From the line with "El Presidente de" through the line with "Intercooler hose/pipe", repeat the entries verbatim, both end lines included, and add nothing.

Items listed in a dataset
#####

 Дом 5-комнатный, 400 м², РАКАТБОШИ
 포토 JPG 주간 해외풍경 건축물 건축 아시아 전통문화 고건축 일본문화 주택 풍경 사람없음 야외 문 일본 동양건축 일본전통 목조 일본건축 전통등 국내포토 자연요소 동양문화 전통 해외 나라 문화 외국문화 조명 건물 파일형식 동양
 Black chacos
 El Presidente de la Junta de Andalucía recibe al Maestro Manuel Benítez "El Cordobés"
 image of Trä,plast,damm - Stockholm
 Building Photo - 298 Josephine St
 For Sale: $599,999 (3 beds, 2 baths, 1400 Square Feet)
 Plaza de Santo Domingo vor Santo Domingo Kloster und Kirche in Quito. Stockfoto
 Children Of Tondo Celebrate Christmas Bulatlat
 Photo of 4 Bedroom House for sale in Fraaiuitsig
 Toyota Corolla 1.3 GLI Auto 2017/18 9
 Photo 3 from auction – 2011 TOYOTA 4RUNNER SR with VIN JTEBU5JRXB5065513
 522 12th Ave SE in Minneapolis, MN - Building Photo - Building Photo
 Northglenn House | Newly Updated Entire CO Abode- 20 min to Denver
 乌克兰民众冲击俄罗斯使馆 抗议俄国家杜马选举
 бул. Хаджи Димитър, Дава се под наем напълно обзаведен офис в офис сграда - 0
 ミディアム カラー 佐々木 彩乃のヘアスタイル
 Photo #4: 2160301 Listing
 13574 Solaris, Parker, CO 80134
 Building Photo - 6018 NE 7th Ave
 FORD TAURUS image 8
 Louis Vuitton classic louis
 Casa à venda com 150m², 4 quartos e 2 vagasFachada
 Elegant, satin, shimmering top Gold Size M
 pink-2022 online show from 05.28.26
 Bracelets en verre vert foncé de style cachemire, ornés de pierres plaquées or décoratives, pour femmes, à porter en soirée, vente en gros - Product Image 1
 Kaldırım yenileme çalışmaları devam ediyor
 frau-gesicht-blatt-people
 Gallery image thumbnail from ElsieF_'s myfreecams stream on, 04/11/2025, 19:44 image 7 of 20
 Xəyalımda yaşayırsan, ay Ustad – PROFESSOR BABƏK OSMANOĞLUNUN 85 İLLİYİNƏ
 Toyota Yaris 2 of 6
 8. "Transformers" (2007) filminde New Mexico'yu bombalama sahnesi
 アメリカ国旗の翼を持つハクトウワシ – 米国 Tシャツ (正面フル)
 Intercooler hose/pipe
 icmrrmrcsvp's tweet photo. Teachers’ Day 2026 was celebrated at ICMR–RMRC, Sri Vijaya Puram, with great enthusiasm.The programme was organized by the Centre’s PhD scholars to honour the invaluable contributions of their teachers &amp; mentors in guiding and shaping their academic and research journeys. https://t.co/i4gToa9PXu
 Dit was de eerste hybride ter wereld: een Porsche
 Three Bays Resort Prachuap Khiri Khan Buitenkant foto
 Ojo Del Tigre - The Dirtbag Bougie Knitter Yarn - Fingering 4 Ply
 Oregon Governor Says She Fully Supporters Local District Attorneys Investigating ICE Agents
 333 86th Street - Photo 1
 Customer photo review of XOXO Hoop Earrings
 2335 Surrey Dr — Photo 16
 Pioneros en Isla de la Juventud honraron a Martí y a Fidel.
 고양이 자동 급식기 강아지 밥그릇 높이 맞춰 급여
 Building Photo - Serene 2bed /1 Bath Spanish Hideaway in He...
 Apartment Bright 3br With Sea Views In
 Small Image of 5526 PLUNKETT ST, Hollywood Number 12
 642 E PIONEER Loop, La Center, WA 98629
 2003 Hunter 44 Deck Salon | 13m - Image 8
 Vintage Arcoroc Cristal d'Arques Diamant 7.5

#####

> SOLUTION TO THIS EXERCISE:
 El Presidente de la Junta de Andalucía recibe al Maestro Manuel Benítez "El Cordobés"
 image of Trä,plast,damm - Stockholm
 Building Photo - 298 Josephine St
 For Sale: $599,999 (3 beds, 2 baths, 1400 Square Feet)
 Plaza de Santo Domingo vor Santo Domingo Kloster und Kirche in Quito. Stockfoto
 Children Of Tondo Celebrate Christmas Bulatlat
 Photo of 4 Bedroom House for sale in Fraaiuitsig
 Toyota Corolla 1.3 GLI Auto 2017/18 9
 Photo 3 from auction – 2011 TOYOTA 4RUNNER SR with VIN JTEBU5JRXB5065513
 522 12th Ave SE in Minneapolis, MN - Building Photo - Building Photo
 Northglenn House | Newly Updated Entire CO Abode- 20 min to Denver
 乌克兰民众冲击俄罗斯使馆 抗议俄国家杜马选举
 бул. Хаджи Димитър, Дава се под наем напълно обзаведен офис в офис сграда - 0
 ミディアム カラー 佐々木 彩乃のヘアスタイル
 Photo #4: 2160301 Listing
 13574 Solaris, Parker, CO 80134
 Building Photo - 6018 NE 7th Ave
 FORD TAURUS image 8
 Louis Vuitton classic louis
 Casa à venda com 150m², 4 quartos e 2 vagasFachada
 Elegant, satin, shimmering top Gold Size M
 pink-2022 online show from 05.28.26
 Bracelets en verre vert foncé de style cachemire, ornés de pierres plaquées or décoratives, pour femmes, à porter en soirée, vente en gros - Product Image 1
 Kaldırım yenileme çalışmaları devam ediyor
 frau-gesicht-blatt-people
 Gallery image thumbnail from ElsieF_'s myfreecams stream on, 04/11/2025, 19:44 image 7 of 20
 Xəyalımda yaşayırsan, ay Ustad – PROFESSOR BABƏK OSMANOĞLUNUN 85 İLLİYİNƏ
 Toyota Yaris 2 of 6
 8. "Transformers" (2007) filminde New Mexico'yu bombalama sahnesi
 アメリカ国旗の翼を持つハクトウワシ – 米国 Tシャツ (正面フル)
 Intercooler hose/pipe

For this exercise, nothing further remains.